CPCL, MRPL Positioned To Leverage Buoyant GRM Environment, Says Yes Securities

Chennai Petroleum is a pure play refinery, could provide higher returns and dividends, amongst the oil marketing companies the brokerage likes BPCL followed HPCL.

Chennai Petroleum stands out tactically among Indian refiners due to its slate profile, cost-efficient crude sourcing, and cleaner operating structure. (Photo source: Envato)

Indian refiners continue to sit in a sweet spot as global product cracks, particularly diesel and ATF, remain elevated amid supply dislocations, with ICE gasoil premiums still hovering close to $17/bbl.

NDTV Profit’s special research section collates quality and in-depth equity and economy research reports from across India’s top brokerages, asset managers and research agencies. These reports offer NDTV Profit’s subscribers an opportunity to expand their understanding of companies, sectors and the economy. 

Yes Securities Report

Global refining dynamics remain favourable for Indian refiners, with middle distillate cracks (diesel/ATF) sustaining strength above $17/bbl amid tight inventories, and renewed demand in the West.

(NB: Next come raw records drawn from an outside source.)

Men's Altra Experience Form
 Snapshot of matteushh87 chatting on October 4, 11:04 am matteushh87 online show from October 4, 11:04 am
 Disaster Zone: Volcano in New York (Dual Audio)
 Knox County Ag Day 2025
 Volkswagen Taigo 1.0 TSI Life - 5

At the same time, China’s reported push to consolidate its refining sector by shutting smaller teapots and upgrading outdated capacity is more of a structural realignment than a meaningful supply cut, ensuring global balances remain tight in the near term.

Against this backdrop, Indian refiners in Q2 FY26, especially Chennai Petroleum Corporation Ltd. and Mangalore Refinery and Petrochemicals Ltd., are well-positioned to capture elevated gross refining margins $7.3-7.5/bbl (based on Indian basket) versus Singapore’s ~$4.1/bbl), aided by flat crude prices and a return of higher Russian crude sourcing with higher discounts.

Our top picks include CPCL > MRPL while amongst the OMCs, BPCL followed HPCL. RIL could gain from higher GRMs in their O2C segment.